Article réservé à nos abonnés Lire aussi « Erdogan ! Qu’est-ce qu’ils t’ont fait ces enfants ? » : à Kamechliyé, les Kurdes syriens dans l’angoisse
« Nos alliés nous avaient garanti leur protection après qu’on a détruit nos tranchées et nos fortifications, explique le communiqué. Mais soudain, sans prévenir, ils nous ont abandonnés avec une décision injuste de retirer leurs troupes de la frontière turque ». « Cette mesure a été une déception majeure, comme un coup de couteau dans le dos », selon le texte. Selon un haut responsable à Washington, entre 50 à 100 membres des forces spéciales américaines ont été éloignés de la frontière pour être transférés vers d’autres bases en Syrie.
A plusieurs reprises, le président américain Donald Trump a menacé d’« anéantir » l’économie de la Turquie en cas d’offensive « injuste ». Dans leur communiqué, les FDS ont estimé que les « condamnations politiques » et « les projets de sanctions économiques contre la Turquie » n’allaient pas faire cesser « les massacres ». « Nous ne voulons pas qu’ils envoient des soldats sur le front pour qu’ils mettent leur vie en danger. Tout ce que nous voulons c’est la fermeture de l’espace aérien face à l’aviation turque », indique le communiqué.
Les forces turques entrent dans une ville clé kurde en Syrie
Sur le terrain, de violents combats continuent. Les forces turques et leurs supplétifs syriens sont entrés samedi dans une ville clé kurde du nord de la Syrie, Ras al-Aïn, frontalière de la Turquie. A Ankara, le ministère de la défense a affirmé que les forces turques avaient capturé Ras Al-Aïn, mais les forces kurdes ont démenti et, selon l’Observatoire syrien des droits de l’Homme (OSDH) et l’Agence France-Presse (AFP), les forces turques et leurs alliés y sont entrés mais les combats se poursuivent.

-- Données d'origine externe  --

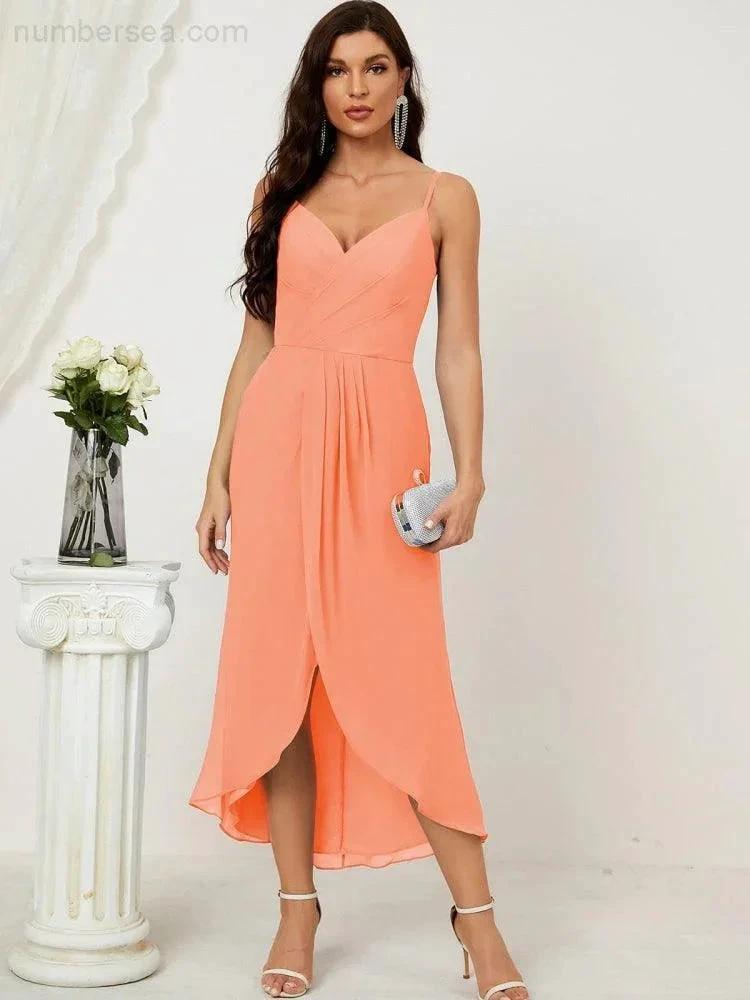 Numbersea Spaghetti Chiffon V Neck Bridesmaid Dress Mid-Length Slit Formal Prom Dress Homecoming Dress 2803 by numbersea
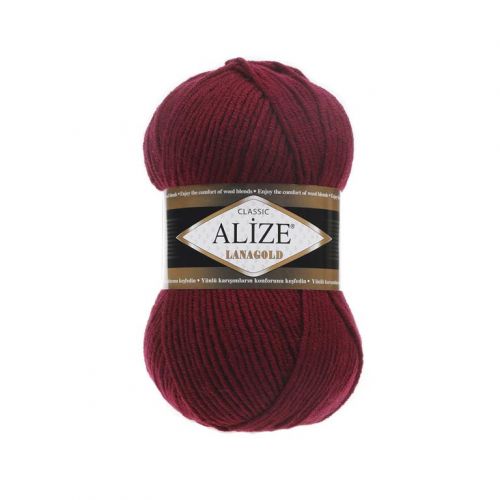 Пряжа Alize Lanagold 240, 100гр/240м, 57 бордовый Пряжа Alize Lanagold 240, 100гр/240м, 57 бордовый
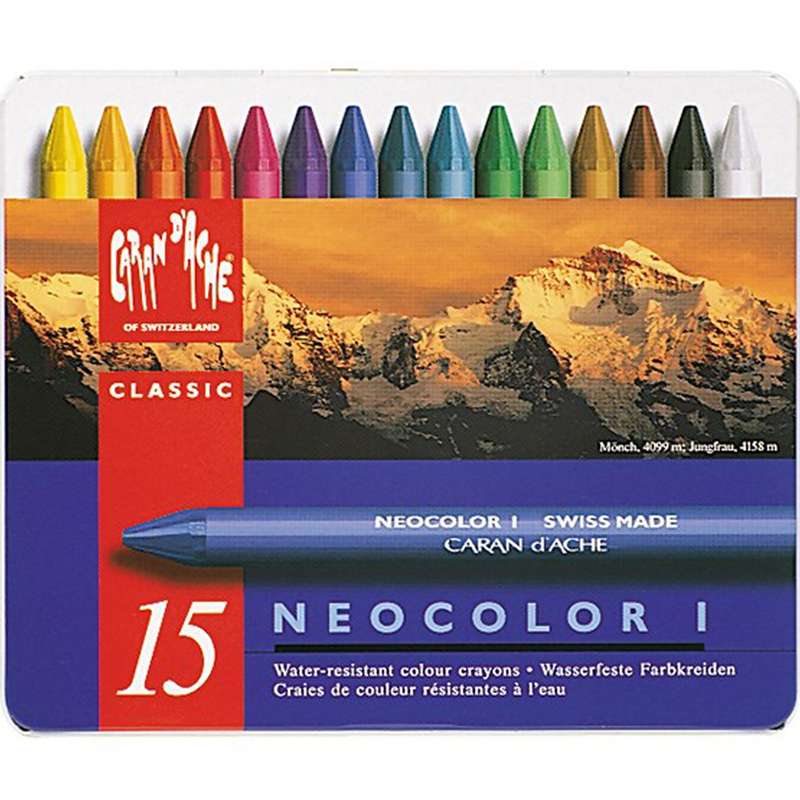 پاستل روغنی 15 رنگ Caran dAche سری Neocolor I مدل 315 پاستل روغنی 15 رنگ Caran d'Ache سری Neocolor I مدل 315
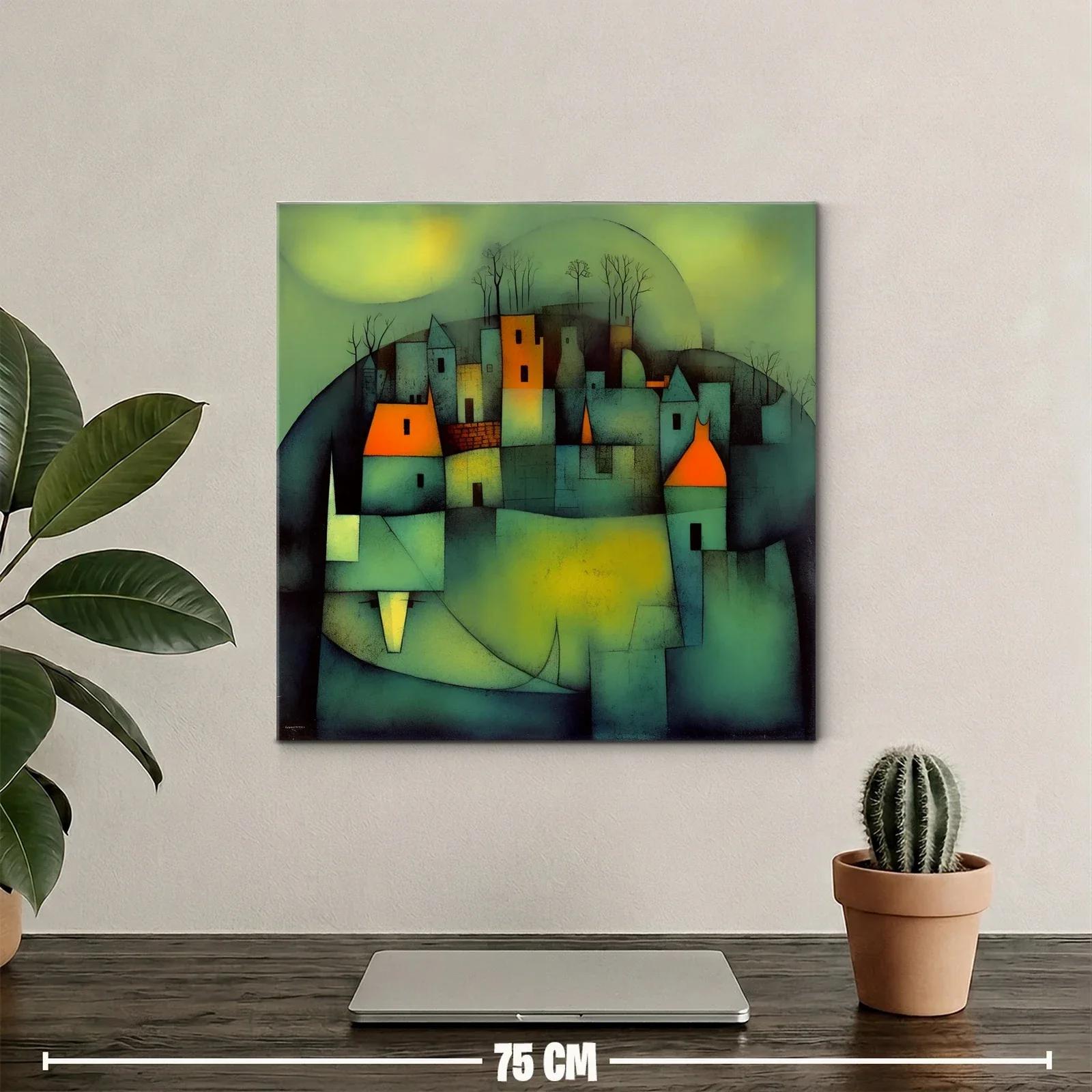 Pueblo abstracto con luces cálidas y ambiente misterioso — miniatura 2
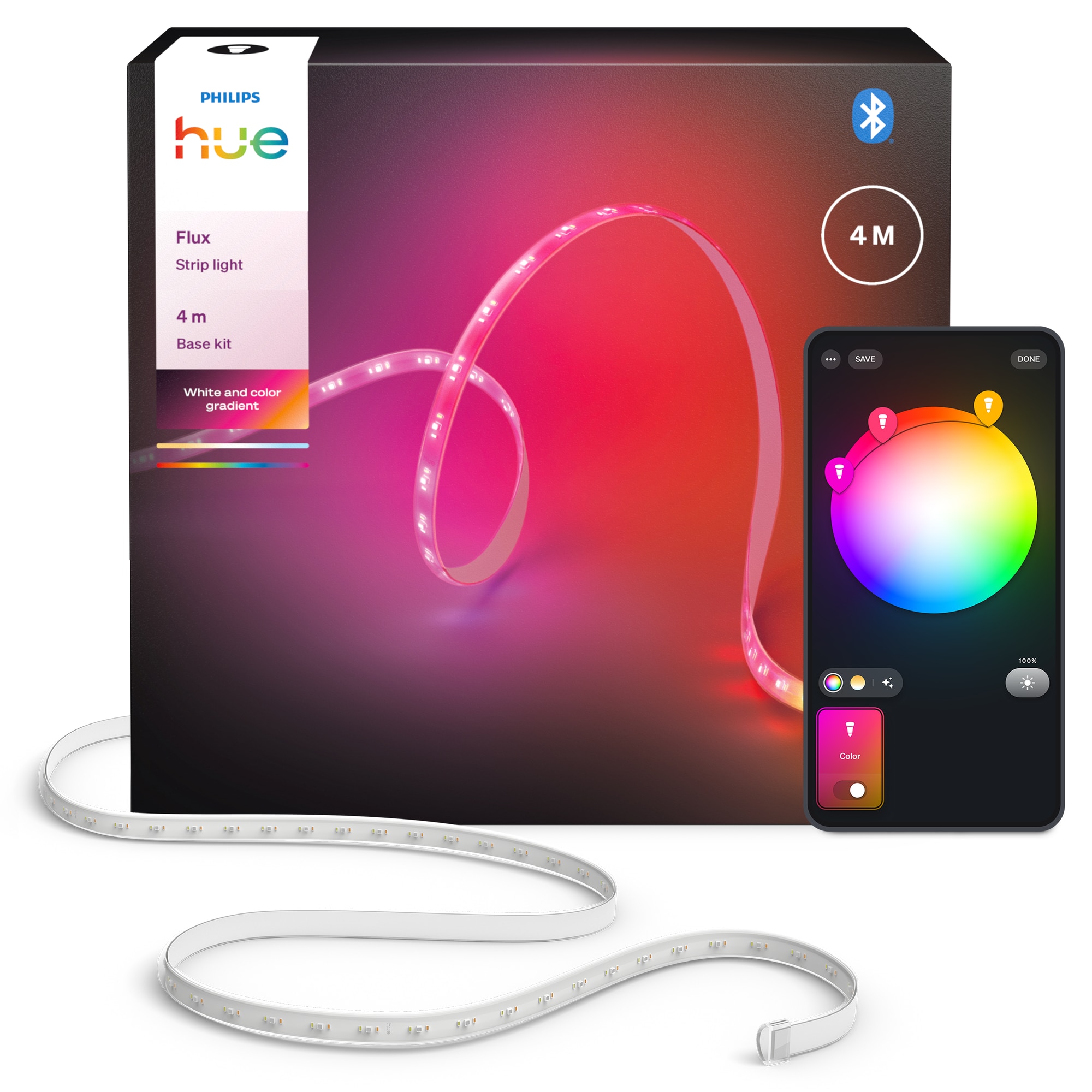 Banda LED Philips Hue Flux, 4 metri, 1600 lm, RGB, Zigbee, Bluetooth, Wi-Fi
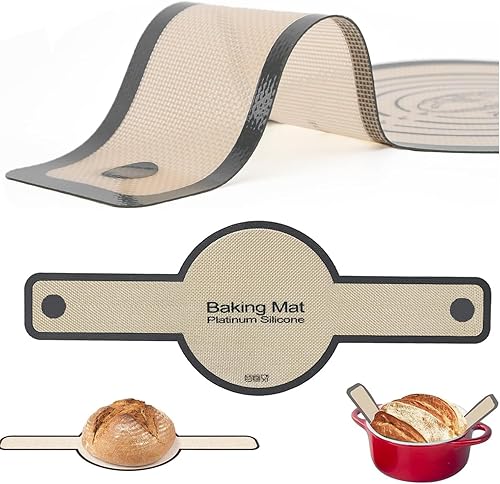 Eslinga de pan de silicona para horno holandés, silicona de platino especialmente seleccionada, alfombrilla para hornear de 8.3 pulgadas, bandejas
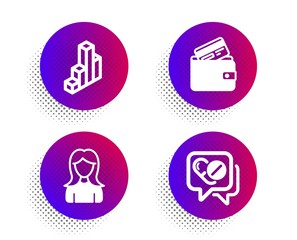 3d chart, Debit card and Woman icons simple set. Halftone dots button. Medical drugs sign. Presentation column, Wallet with credit card, Girl profile. Medicine pills. Business set. Vector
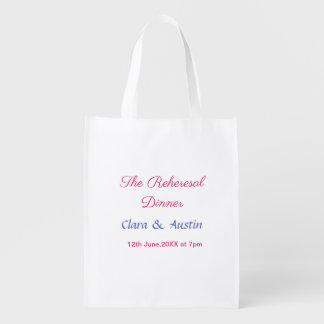 Rehearsal dinner the night before simple minimal m grocery bag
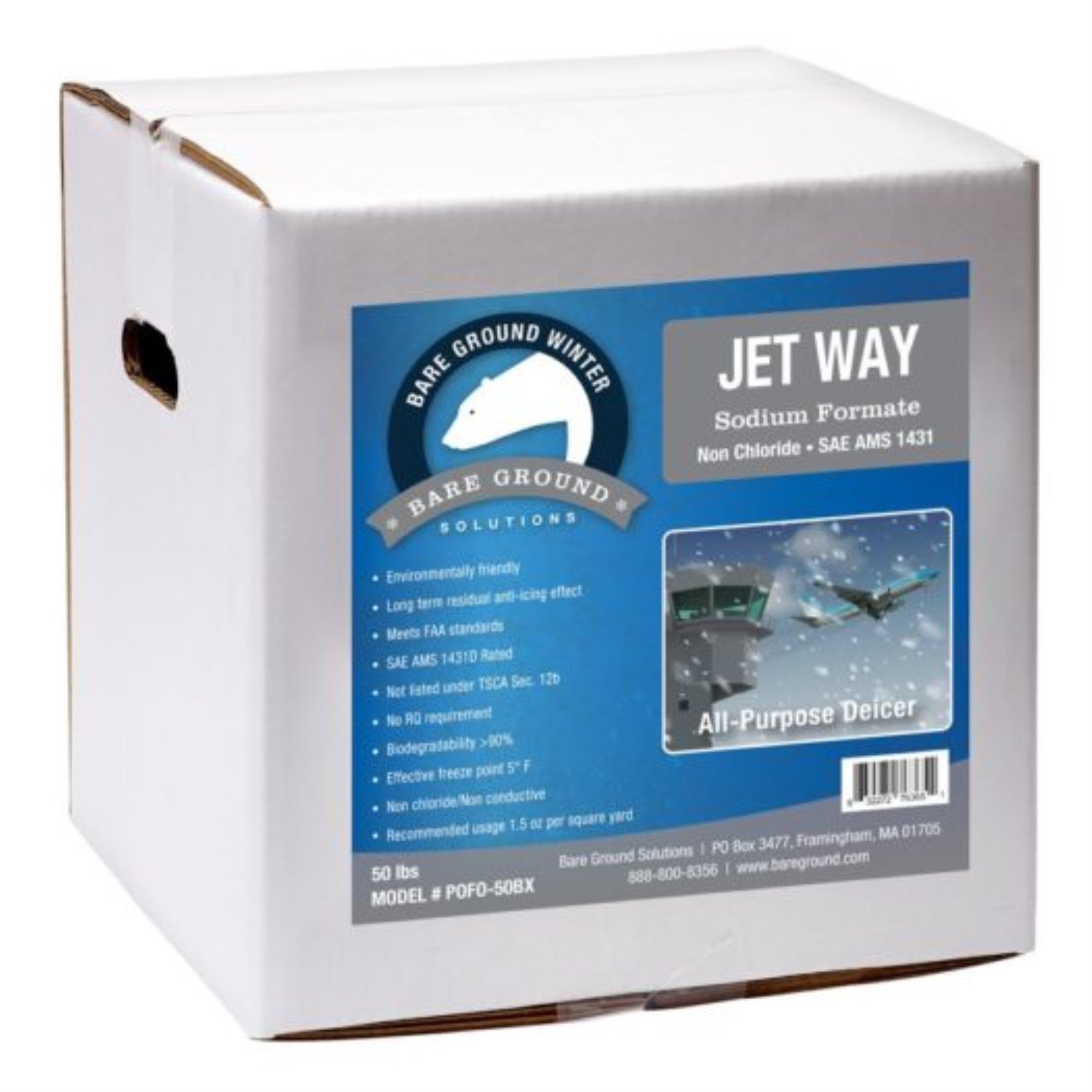 50Lb Box Of Bare Ground Jet Way Sodium Formate Granular Deicer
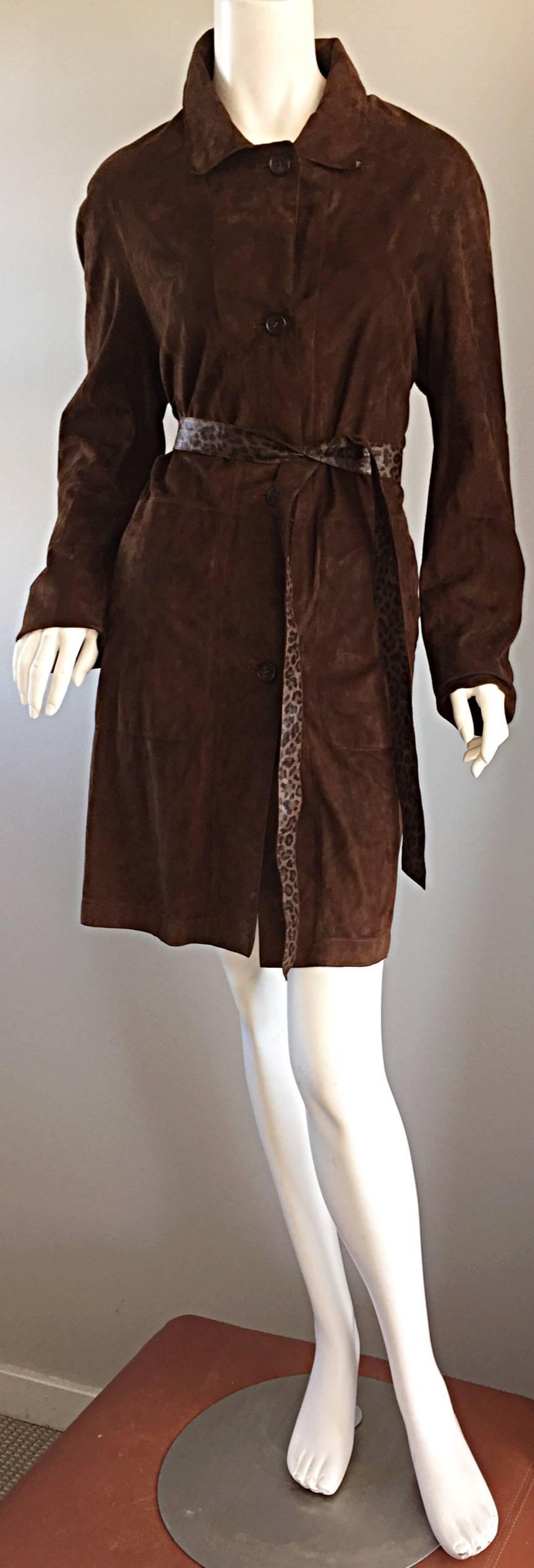 Vintage Mario Vittorio Reversible Leopard Brown Suede Belted Trench Jacket 1
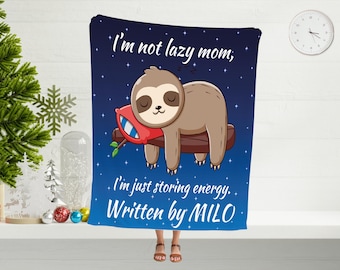 Personalized Sloth Blanket, Minky or Sherpa, Nursery Decor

Depuis le début de l’assaut mercredi, 74 combattants kurdes et 30 civils ont été tués selon un dernier bilan de l’OSDH, et 100 000 personnes ont été déplacées d’après l’ONU. Ankara a annoncé la mort de quatre soldats en Syrie et de 18 civils dans la chute de dizaines de roquettes kurdes tirées sur des villes frontalières en Turquie.
L’Allemagne stoppe sa livraison d’armes à la Turquie
Après les Pays-Bas, l’Allemagne a décidé de stopper la livraison à la Turquie d’armes « qui pourraient être utilisées dans le nord-est de la Syrie » contre les Kurdes, a annoncé le ministre des affaires étrangères allemand, Heiko Maas, dans le quotidien Bild à paraître dimanche 13 octobre. Le chef de la diplomatie allemande n’a pas précisé le type d’armements concernés ni leur montant.
La décision n’est pas que symbolique : en 2018, les livraisons d’armes à la Turquie ont représenté, avec 242,8 millions d’euros, près d’un tiers des exportations allemandes d’armes de guerre (770,8 millions d’euros). Au cours des quatre premiers mois de 2019, le montant des ventes en direction de la Turquie a atteint 184,1 millions d’euros. La Turquie est ainsi le premier client, au sein de l’Organisation du traité de l’Atlantique nord (OTAN), d’armements allemands.
Comme nombre de pays européens, l’Allemagne a condamné fermement l’offensive turque contre les Kurdes en Syrie, susceptible selon elle de « déstabiliser davantage la région et de provoquer une résurgence » de l’EI. Mais, malgré le tollé international et les menaces de sanctions américaines, la Turquie s’est dit déterminée à poursuivre son offensive.